Maaike A. Riedijk^*, Barbara Stoll, Shaji Chacko, Henk Schierbeek^*, Agneta L. Sunehag, Johannes B. van Goudoever^*, and Douglas G. Burrin^,

*Department of Pediatrics, Division of Neonatology, Erasmus Medical Center–Sophia Children's Hospital, Dr. Molewaterplein 60, 3015 GJ, Rotterdam, The Netherlands; and U.S. Department of Agriculture–Children's Nutrition Research Center, Department of Pediatrics, Baylor College of Medicine, 1100 Bates Street, Houston, TX 77030

Edited by David H. Baker, University of Illinois at Urbana–Champaign, Urbana, IL, and approved December 27, 2006 (received for review September 12, 2006)

Methionine is an indispensable sulfur amino acid that functions as a key precursor for the synthesis of homocysteine and cysteine. Studies in adult humans suggest that splanchnic tissues convert dietary methionine to homocysteine and cysteine by means of transmethylation and transsulfuration, respectively. Studies in piglets show that significant metabolism of dietary indispensable amino acids occurs in the gastrointestinal tissues (GIT), yet the metabolic fate of methionine in GIT is unknown. We show here that 20% of the dietary methionine intake is metabolized by the GIT in piglets implanted with portal and arterial catheters and fed milk formula. Based on analyses from intraduodenal and intravenous infusions of [1-¹³C]methionine and [²H₃]methionine, we found that the whole-body methionine transmethylation and remethylation rates were significantly higher during duodenal than intravenous tracer infusion. First-pass splanchnic metabolism accounted for 18% and 43% of the whole-body transmethylation and remethylation, respectively. Significant transmethylation and transsulfuration was demonstrated in the GIT, representing 27% and 23% of whole-body fluxes, respectively. The methionine used by the GIT was metabolized into homocysteine (31%), CO₂ (40%), or tissue protein (29%). Cystathionine -synthase mRNA and activity was present in multiple GITs, including intestinal epithelial cells, but was significantly lower than liver.
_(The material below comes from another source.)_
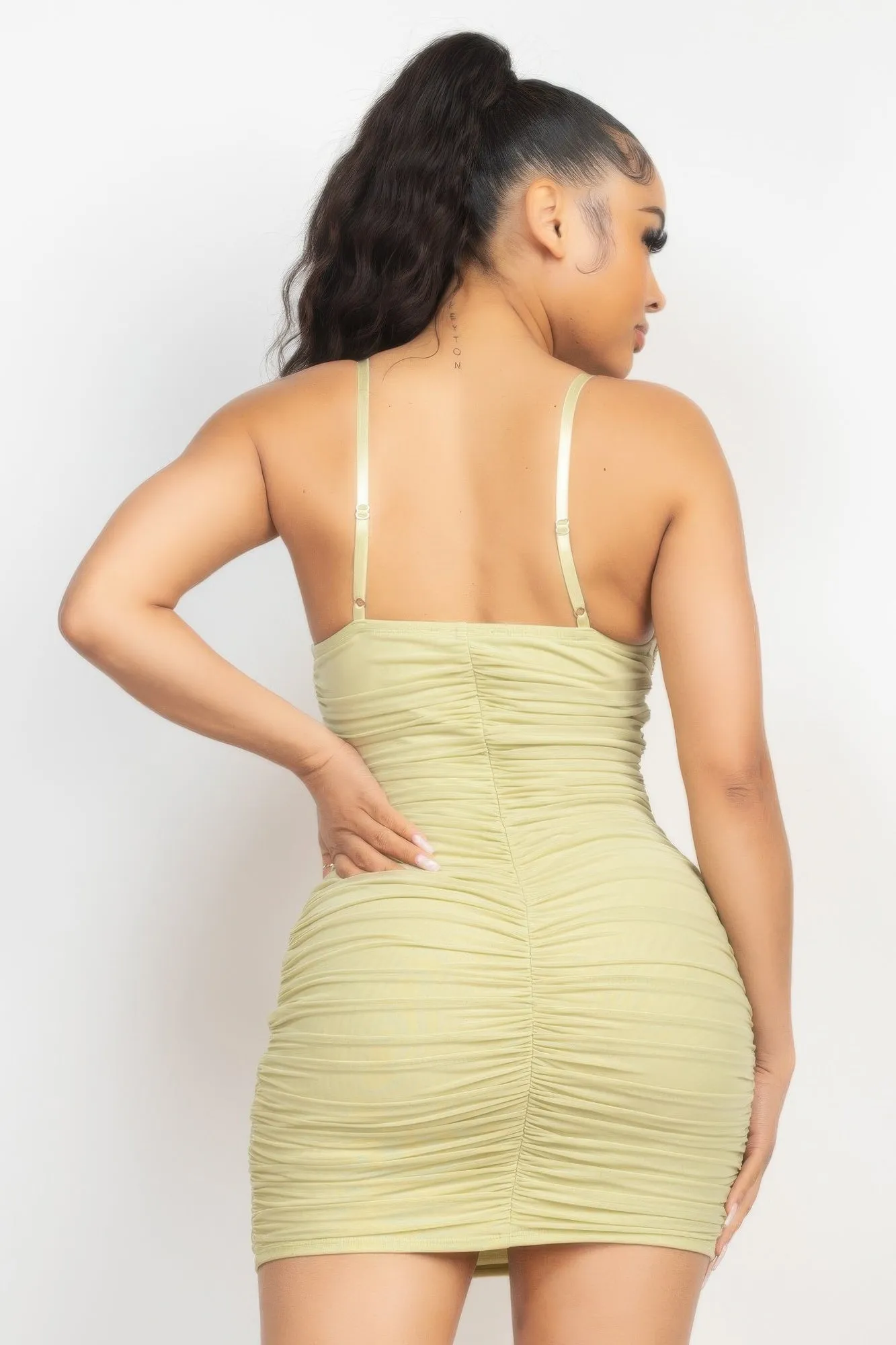 Stone Cami Shirred Bodycon Dress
We conclude that the GIT consumes 20% of the dietary methionine and is a significant site of net homocysteine production. Moreover, the GITs represent a significant site of whole-body transmethylation and transsulfuration, and these two pathways account for a majority of methionine used by the GITs.

cystathionine -synthase | homocysteine | intestine

The authors declare no conflict of interest.

This article is a PNAS direct submission.

This article contains supporting information online at www.pnas.org/cgi/content/full/0607965104/DC1.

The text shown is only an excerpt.